Given data:
####################
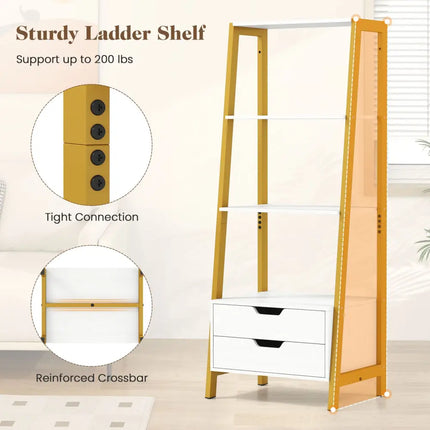 4-Tier Ladder Shelf with 2 Drawers 52.5 Inch Tall Freestanding Bookcase-White Costway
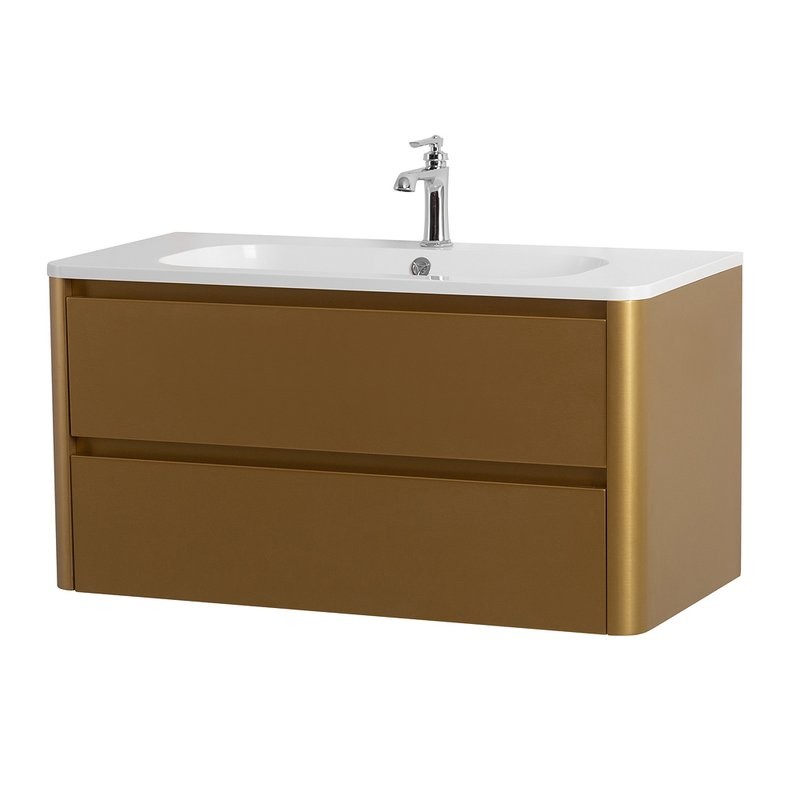 Тумба с раковиной Cezares Relax 100 брашированное золото, раковина Cezares CZR-1000/480-LV-MR-NV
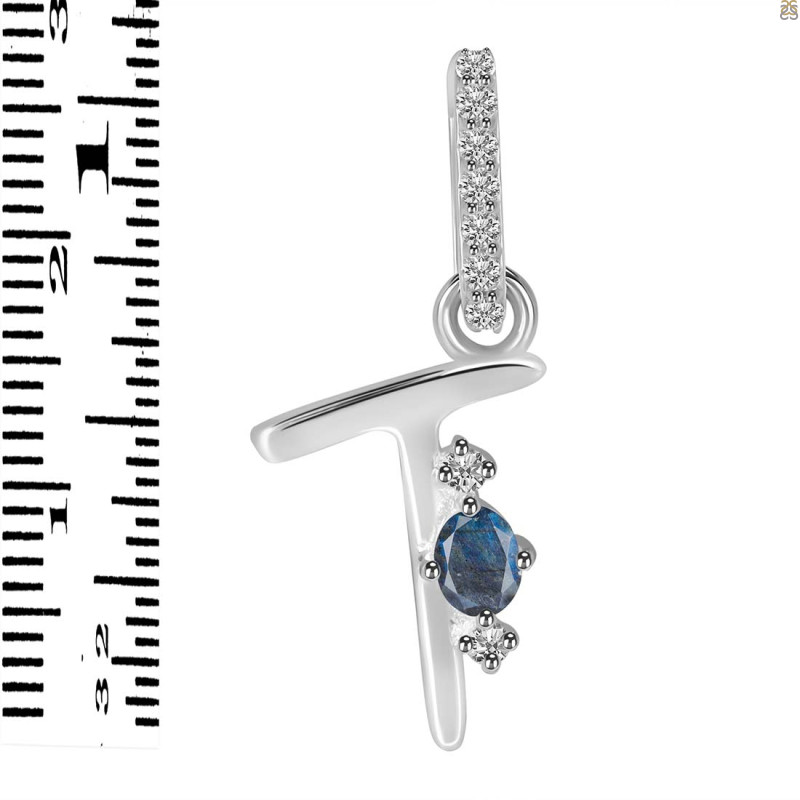 Labradorite & White Topaz Alphabet T Pendant LBD-RDA-46.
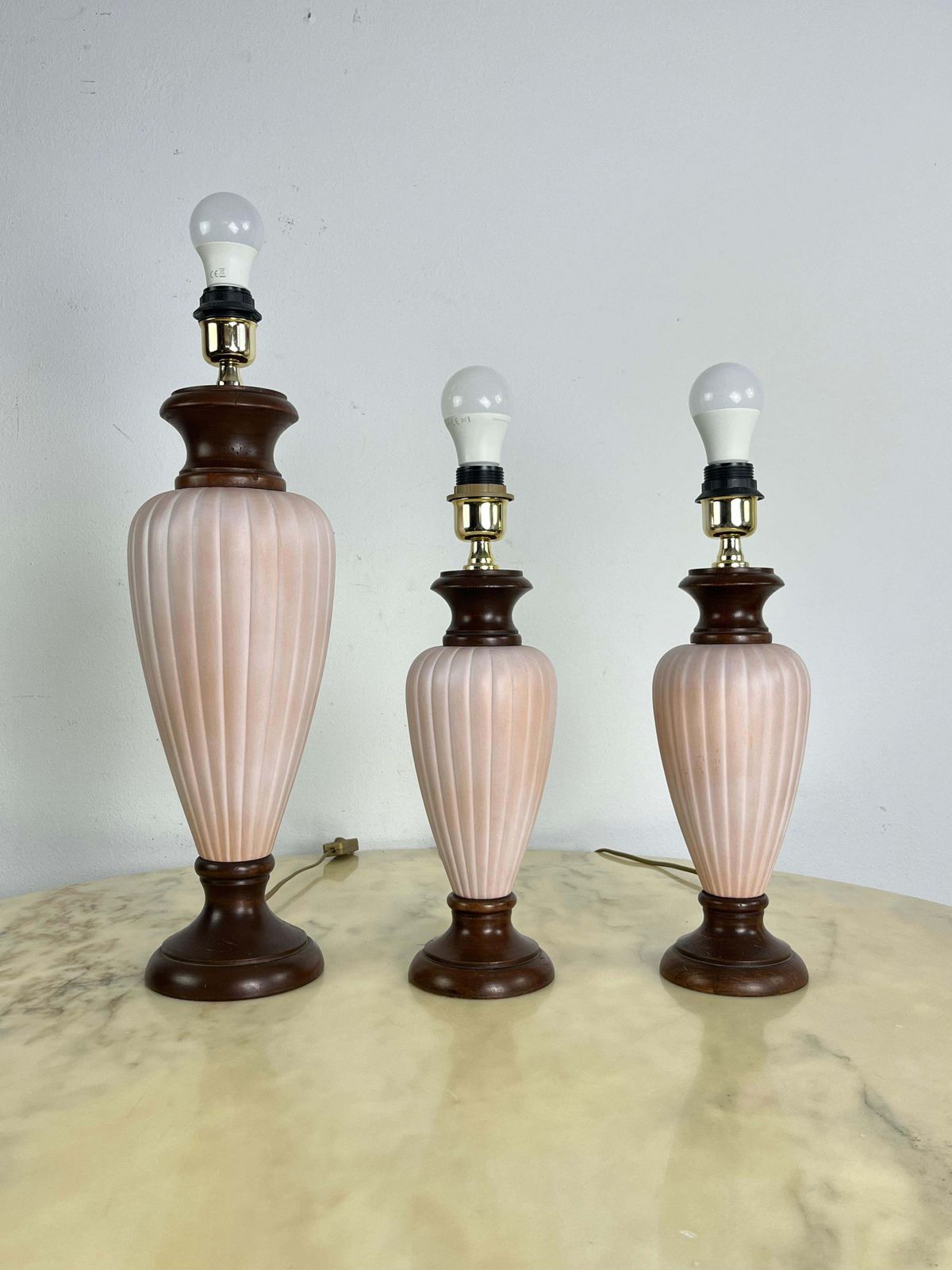 Set Of 3 Mid Century Italian Table Lamps In Wood And Ceramic 1960s photo furniture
####################
Work to be completed: Write the listing out exactly, apart from its pictures.

Reply:
 4-Tier Ladder Shelf with 2 Drawers 52.5 Inch Tall Freestanding Bookcase-White Costway
 Тумба с раковиной Cezares Relax 100 брашированное золото, раковина Cezares CZR-1000/480-LV-MR-NV
 Labradorite & White Topaz Alphabet T Pendant LBD-RDA-46.
 Set Of 3 Mid Century Italian Table Lamps In Wood And Ceramic 1960s photo furniture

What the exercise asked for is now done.